Homeowners associations are abominations. They put "property value" above everything else to the point that you're not allowed to have the wrong brand of car or put your garbage out before midnight the night before it's collected. They should honestly be illegal.
"They" aren't som abstract entity, they're you and your neighbors. If you don't like the direction your homeowners association is going, why not join it and propose changes?
Making changes to an HOA, once it's established, is functionally impossible in many places due to the way they are set up. They require a certain percentage of homeowners to approve a change, which ends up being far more of them than you can get to respond to mailers or doorbells. The meetings of the HOAs themselves tend too often to devolve into wasting everyone's time on minor, petty differences about how to spend the dues.

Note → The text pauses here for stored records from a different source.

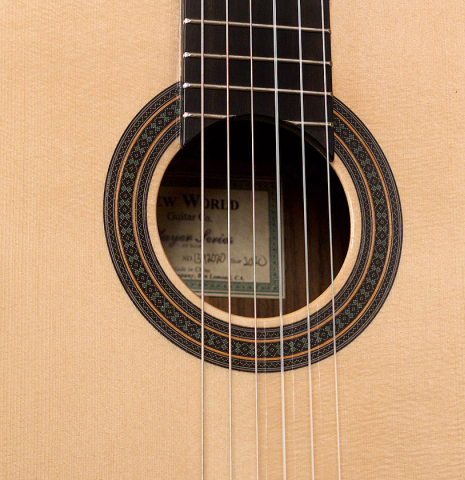 2020 "New World" by Hill Guitar Company "PS 640" SP/IN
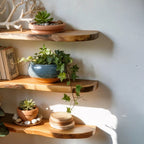 Floating Corner Wall Shelf – Live Edge Wooden Shelf for Home Decor & Aquarium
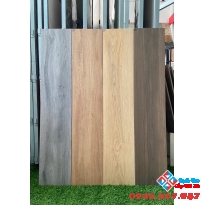 Gạch lát nền giả gỗ 20x100 đồng chất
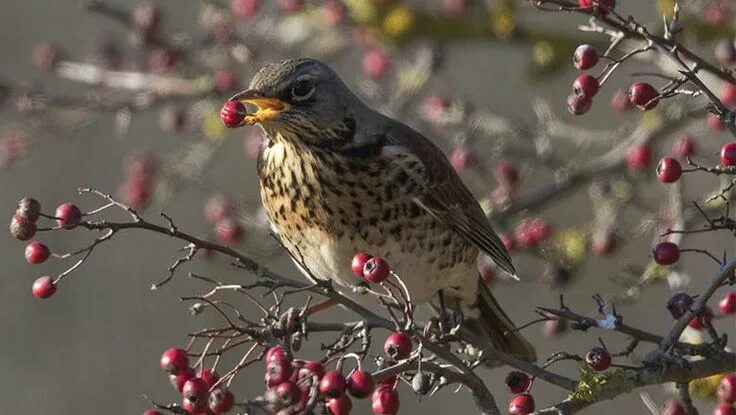 Птицы карелии фото с названиями Officials believe the birds are becoming intoxicated after eating fermented berr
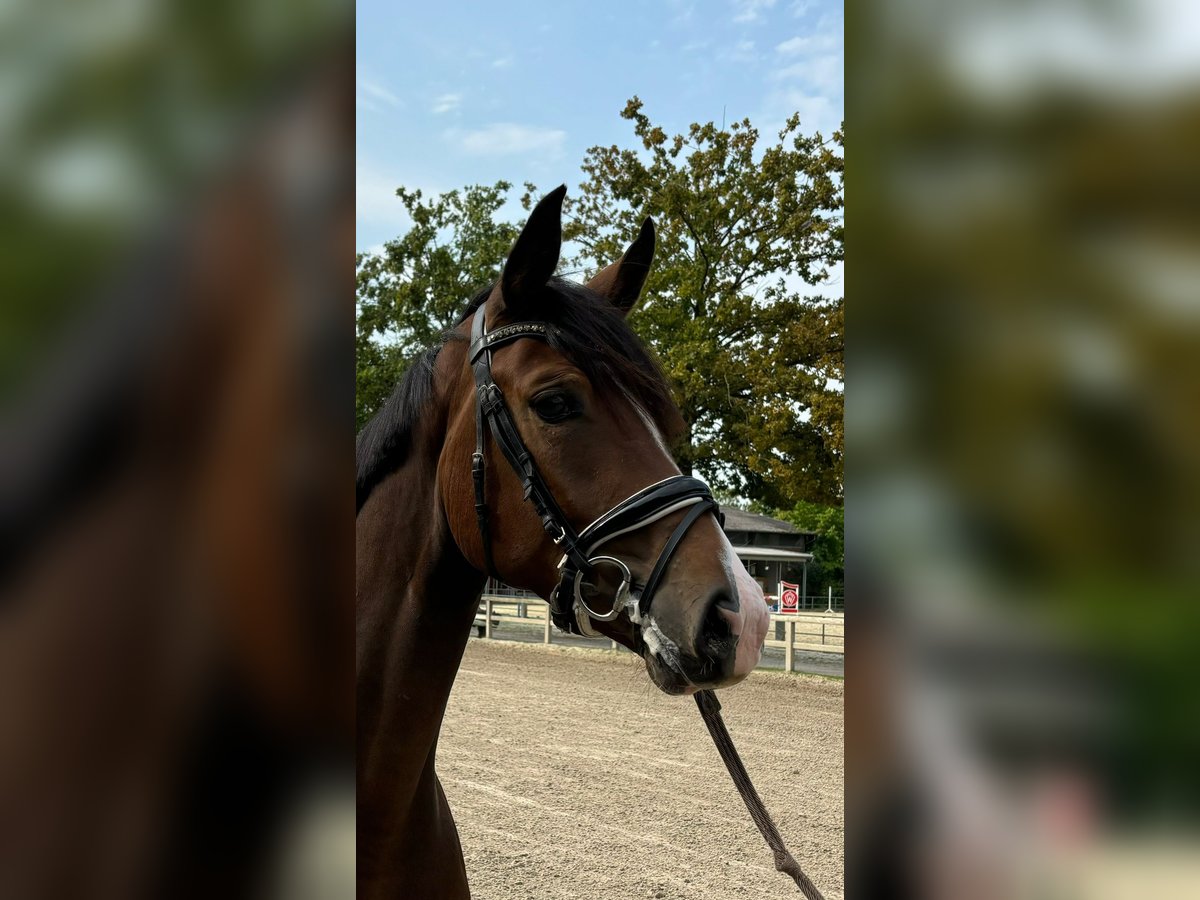 Koń westfalski Klacz 3 lat 164 cm Gniada in Münster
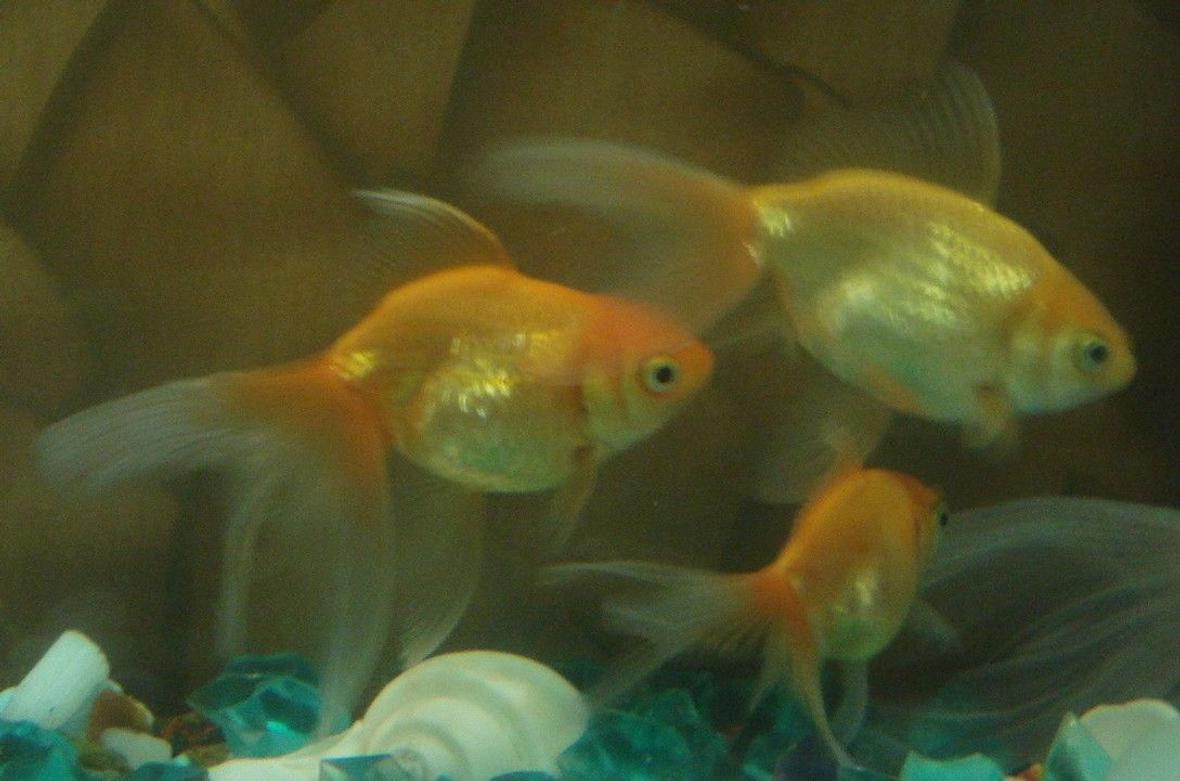 freshwater fish - carassius auratus - oranda goldfish stocking in 18 gallons tank - The younger members of the family....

This is at least partly intentional, I suspect, because it allows the city to make certain assumptions about newer neighborhoods which have these boilerplate HOAs that are essentially the same across a whole region. This type of thing may or may not be better in some situations than no HOA at all, but it undermines what I would consider true property ownership while also preventing any kind of effective adaptation to new information or circumstances over time. For example, I know of a neighborhood where they are required to put a certain color of asphalt shingles on their roofs when they need a new one (about every 10-15 years). Roof mounted solar panels or tiles will never be allowed in this neighborhood, which I find utterly insane.
If I was in a position to buy property, I would strongly favor a location unburdened by this kind of albatross.
Zoning is almost entirely a local affair, and it's city wide. HOA's are something I would personally stay far, far away from, but the amount of terrain they can effectively control is a small part of a city. I'd rather live in a more dynamic place with a few HOA's for people who want to live in a Rigidly Controlled Environment than what we have now, which is entire cities that are rigidly planned down to how many feet of front yard houses must have.